Great Moral Teacher
|Dawkins: Losing the plot?|
There are lots of things that simply don't add up about Dawkins arguments, that must be why he won't spend any time debating with Christians whose arguments are grounded in theology or, Heaven forfend, Scripture. At some point, someone who is obsessed with disproving God's existence is going to have to refer to texts which have as their main thread the revelation of God. At some point, someone who wants to tell the World that God (probably) does not exist, is going to have to examine Scripture.
The problem is that atheists, especially those atheists whose specialist subject is biological science, are usually quite ignorant of Scripture. So, we have Dawkins describing Our Lord as a 'great moral teacher'. According to The Catholic Herald...
“Jesus was a great moral teacher,” Richard Dawkins said to The Guardian earlier this week. “Somebody as intelligent as Jesus would have been an atheist if he had known what we know today.”
Gandhi is a man who is often described as a 'great moral teacher'. He was famous for saying, "I love your Christ but I hate your Christians." Fair enough, I guess. He taught non-violence, peaceful protest against unjust political rule and generally 'turning the other cheek' and, let's not forget, that it was still cool to wear sandals. Here are some Gandhi quotes, from someone who is widely admired as having been a great moral teacher.
You must be the change you wish to see in the world.
An eye for an eye only ends up making the whole world blind.
You must not lose faith in humanity. Humanity is an ocean; if a few drops of the ocean are dirty, the ocean does not become dirty.
It is better to be violent, if there is violence in our hearts, than to put on the cloak of nonviolence to cover impotence.
A man is but the product of his thoughts what he thinks, he becomes.
The greatness of a nation can be judged by the way its animals are treated.
We can assume that for his statement that Our Lord was a great moral teacher, Dawkins has searched the Gospels, since we really have no other historical record of what Christ said. So, let's source from quotes from Our Lord, the great moral teacher...
Before Abraham was, I am.
You will see the Son of Man coming in great glory on the clouds of Heaven.

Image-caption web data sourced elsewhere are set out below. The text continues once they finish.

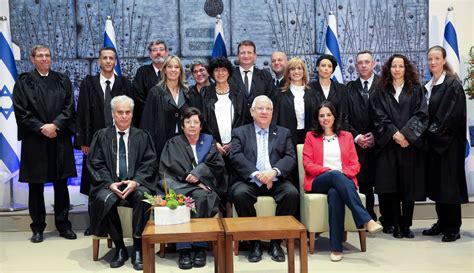 Israel’s Supreme Court Is Unusual, but Not That Unusual » Mosaic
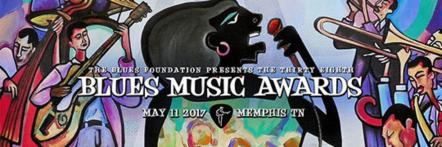 Blues Music Awards Winners Announced: Joe Bonamassa, Bobby Rush, Curtis Salgado, Tedeschi/Trucks, More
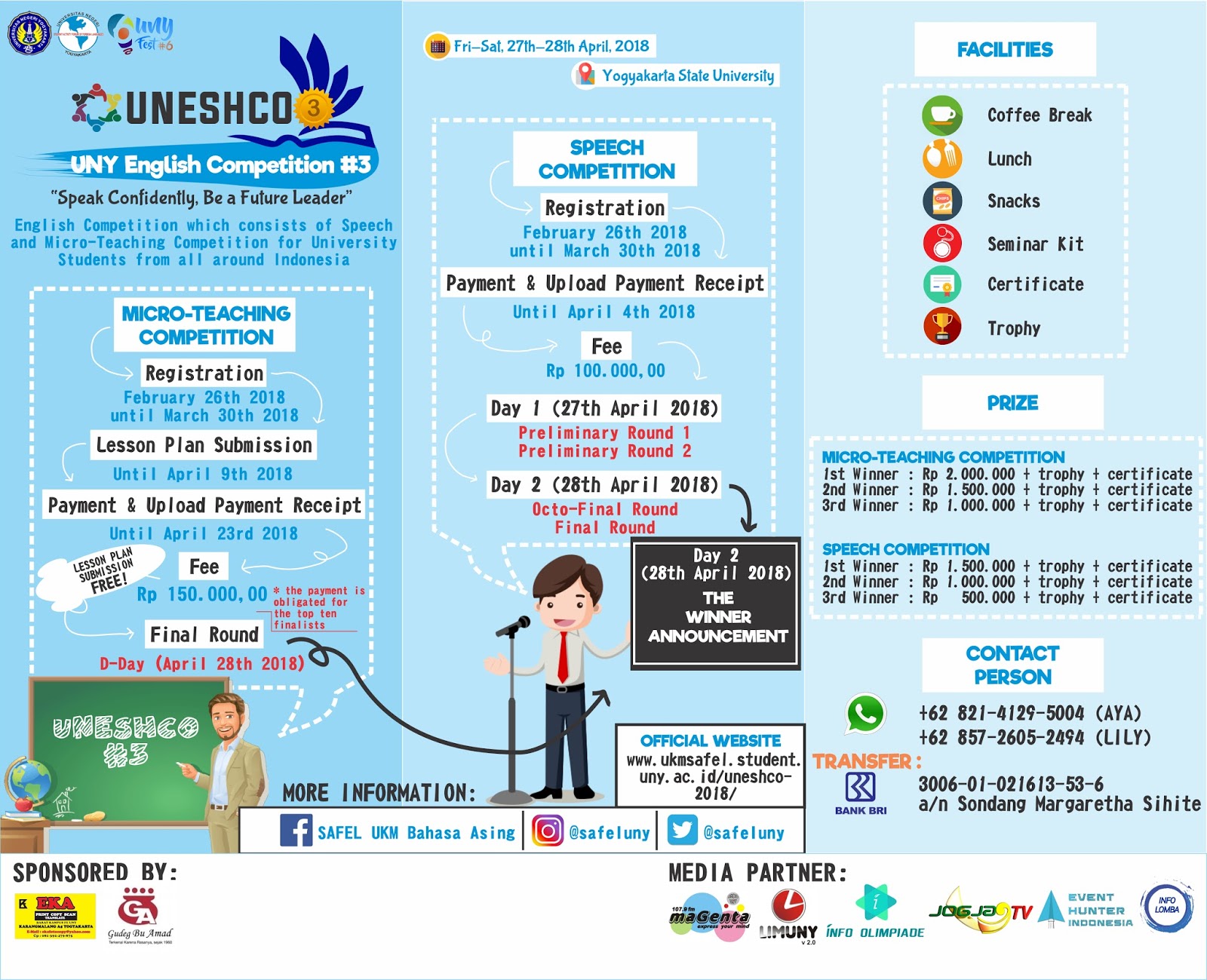 UNESHCO UKM Bahasa Asing SAFEL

When you pray, pray Our Father, who art in Heaven...
I saw Satan fall like lightning from Heaven.
I am the living bread which has come down from Heaven.
Anyone who eats my flesh and drinks my blood will have eternal life.
When the Son of Man is lifted up from the Earth I shall draw all men to myself.
You are Peter and upon this rock I shall build my Church and the gates of Hell shall not prevail against it.
And, according to Dawkins, Our Lord is a 'great moral teacher' and 'intelligent' too. Our Lord sounds like a man worth listening to. Of course, Our Lord's moral teaching is perfect. He is a great moral Teacher, the greatest because His words are 'spirit and they are life' and they came from God's own mouth, but there is a distinct difference between what Gandhi said and what Our Lord actually said. Gandhi didn't, for example, say stuff like, "If anyone believes in me, though he dies, yet shall he live."
Dawkins refused to debate with a Protestant Christian theologian because he was 'too busy' or something. It would be a 'waste of time'. Perhaps he realises that if he debates with someone who knows Scripture then he'll (probably) lose. I don't know why he doesn't just stick to his specialist subject, which is, ironically, not God, out of whom he has made so much money, but the inheritance of acquired behaviour in chickens. Why should he 'waste his time' debating with a creationist, he said. I expect that even against a creationist, the simple fact is that Dawkins would have lost the debate. I expect that is the real reason he refused it.
And while we're discussing Dawkins, another thing. Do you remember that bus advertising campaign with the slogan, 'God probably does not exist, so don't worry if you murder your husband' or something like that? What gets me is that word 'probably'. If you told me that there was 'probably' not a lion outside my door, but there was a 10 % or even 1 or 2 % chance that there was a lion outside my door, I might actually consider not going to the front door. I want to hear that word 'definitely'. I want to know that there is definitely not a lion outside my door. The Catholic Church says God's revelation to us in Jesus Christ is full and final - it is definitive. For the Church, there is no 'probably'.